Thursday, July 7, 2016

Cassette Review: Damián Anache "Capturas del Único Camino" (US Version) (Already Dead Tapes and Records)


[$5 // Edition of 100 // https://alreadydeadtapes.bandcamp.com/album/ad202-dami-n-anache-capturas-del-nico-camino-us-version]

To show you how diverse a label such as Already Dead is (Which you should really already know by now) we go from the beats of DarkoTheSuper to Future Slum to what can only be described on this cassette as minimal and ambient.    The fact that a label can stretch from genre to genre just makes me like it that much more because it shows that it isn't going to limit itself by labels but rather just release music which they enjoy and hope that you enjoy as well.   It's like I've said since I was maybe fifteen years old-- good music is good music and so I'll never say "I don't like country" or "I don't like classical" because it's just a matter of not hearing something you like yet.

We begin with the sounds of the dark, deep sea.   It's guitars tuning in the notes and piano keys deliberately struck.    A desolate sound can bring out little feelings of The X-Files and bursts of sharpness can come through louder and louder.   It's almost as if the music is trying to gently soothe you to sleep, only to wake you up at certain times as if to say, "Not yet".   I imagine it as being a classroom for some reason- the students are bored by the lecture and so the teacher will occasionally drop a book or smack the chalkboard with a ruler.

A sound which could be described as a trained throat singing comes through but it might be a different instrument.   Space whirrs lead to heavy breathing and it does sound like it has gone from being underwater (or elsewhere) into space for that reason.   Whenever you think of that "One small step for mankind" line from space you always have to imagine the breathing within it-- kind of like Darth Vader only not.

On the flip side there are more of these sort of electronics sounds with sonar blips.   Ringing guitars and some sharpness come through when it is not otherwise calm.    At first I can hear the sounds of water drops but then it ends up just sounding like running water, as if we are near a stream perhaps.     It makes me wonder if we weren't in space and some other planet searching for a source of water this entire time and that, by the end, is what we find.
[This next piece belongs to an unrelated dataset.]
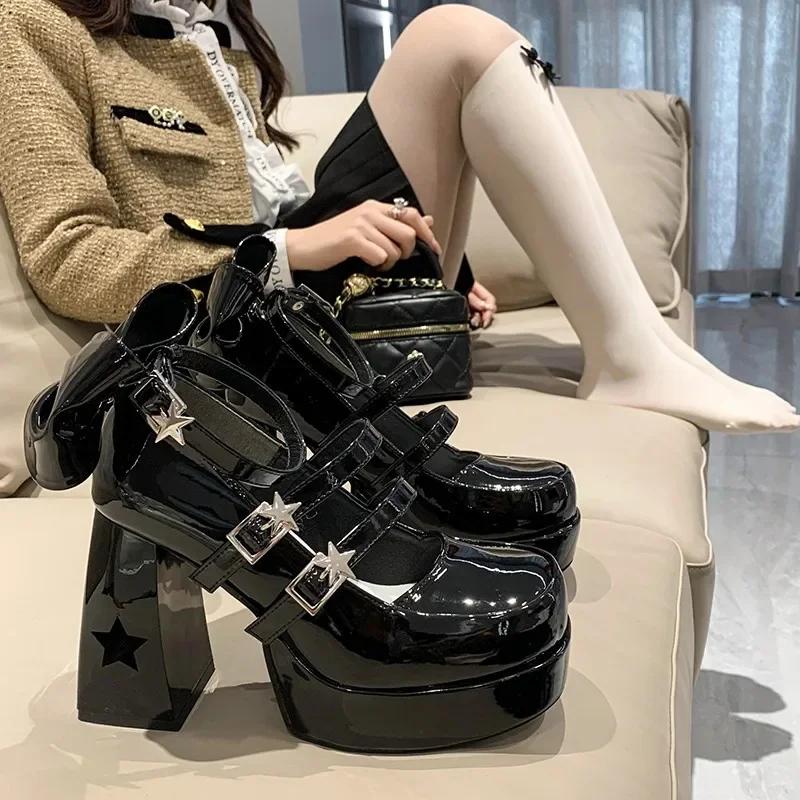 Весенние панк-туфли на толстой платформе с высоким каблуком, женские туфли Мэри Джейн в стиле Лолиты, женские лакированные туфли для косплея из кожи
And perhaps that is the best quality of this cassette: you can certainly think of it as a choose-your-own-adventure style piece of music where each listen can provide a different story.   Even after your own first time listening to this (or reading how I imagine it) you might think to yourself, "No, I don't hear that now.  Instead I hear..." and then come up with your own ideas.    Music that makes you think is always tops in my book.